Well, my mutterings launched some serious debate and for the next half-hour my comments were exposed. The question and the debate it sparkede has kept me pondering the topic these many weeks later.
Of my colleagues in attendance at this exhibition, there was only one who has jumped into digital without looking back, Andy Snow. Andy is a commercial photographer (www.andysnow.com) by profession and shooting digital makes sense, film does not. His prints are beautiful.
Of the other three photographers, they represent academia and fine-art photographers with a wide variety of photographic visions. Ben Montague (www.benjaminmontague.com), who laughingly muses as to whether he is actually a photographer anymore because his is imagery often bypasses the camera altogether and emanates from a scanner or an enlarger. Ok, maybe it is not film but it definitely honors the roots of our medium.
David Stichweh, a kindred spirit, uses a digital camera and printer in only the initial stage in creating stunning imagery that is definitely grounded in traditional photography.
And then there is Sean Wilkinson who has only recently ventured into digital photography. I am interested in seeing where digital takes him because Sean is one of the most intelligent photographers that I have ever met and his photographs reflect that measured vision.

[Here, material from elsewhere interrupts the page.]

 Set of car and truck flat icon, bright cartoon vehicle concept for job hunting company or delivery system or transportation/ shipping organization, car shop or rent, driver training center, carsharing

So it would seem that I was the only one actually still shooting film, how ironic. But what is evident is that few photographers are using film and photography in the linear way it once was used. There are few photographic artists merely going from film to print, how blasé. Again, I still do. But mostly the adventure has begun – digital and film are being pushed in ways that question what is new, what is old, what is photography. Influences from photography’s beginnings are being turned and twisted into new elements. Film–digital–who cares. All that matters is the end result.